Summarized by Kent Larsen
Landmark to most, temple is sanctuary for area's Mormons
(Northern) VA Journal 8Nov99 D1
By Donita Painter and Pete Pichaske: Journal staff writers
The 25th anniversary of the dedication of the Washington D.C. Temple
is approaching on November 19th, and the Washington D.C. area Journal
suburban papers have investigated the effect that the building has
had on both members and non-members in the area. In the past 25
years, the first LDS temple in the U.S. east of the Mississippi River
has become an area landmark, continually referred to on traffic
reports and in news reports.
A ceremony celebrating the building's 25th anniversary was held last
month at the temple visitor's center, attended by 600 members, and
featuring the Mormon Choir of Washington D.C.
As a landmark, the building has gained prominence for its position on
Washington's Beltway, which circles three-quarters of the way around
the temple, yielding an imposing view of the building. The temple is
also located on the end of one of the beltway's most dangerous
stretches, which often yields traffic backups and makes the building
a clear reference for traffic reports. "If you listen to the traffic
news, it's kind of like a major intersection," said Visitor's Center
director David Salisbury.
The temple has also grown on the city, gaining respect and
prominence. Salisbury says that a prominent local architectural
critic panned the temple in print when it opened in 1974, only to eat
his words 20 years later, acknowledging the building as an
institution. "I think it's gained a permanence," says Salisbury.

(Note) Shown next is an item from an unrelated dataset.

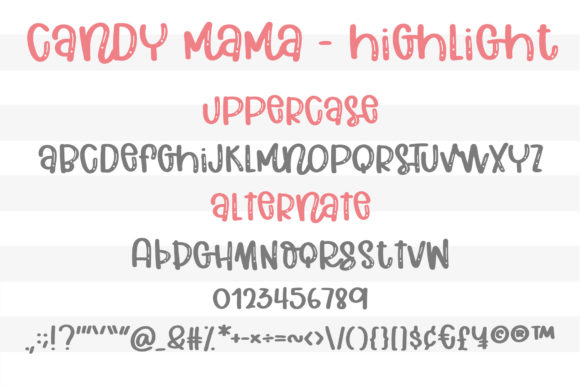 Candy Mama Font - Preview 2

Of course, with that prominence came some less-welcome attention,
including graffiti scrawled on a bridge over the Beltway as commuters
approached the temple. In keeping with the local perception that the
building came right out of the "Wizard of Oz," the graffitist wrote
After discussing the purpose of the temple and its inaccesibility to
non-members, the article addresses what it means to local members and
its impressive size and presence. Since opening, the temple has
witnessed 38,520 marriages and sealings. Its exterior has also gained
notariety, gaining three landscaping awards, according to Jane
Dumont, public information director for the temple visitors center.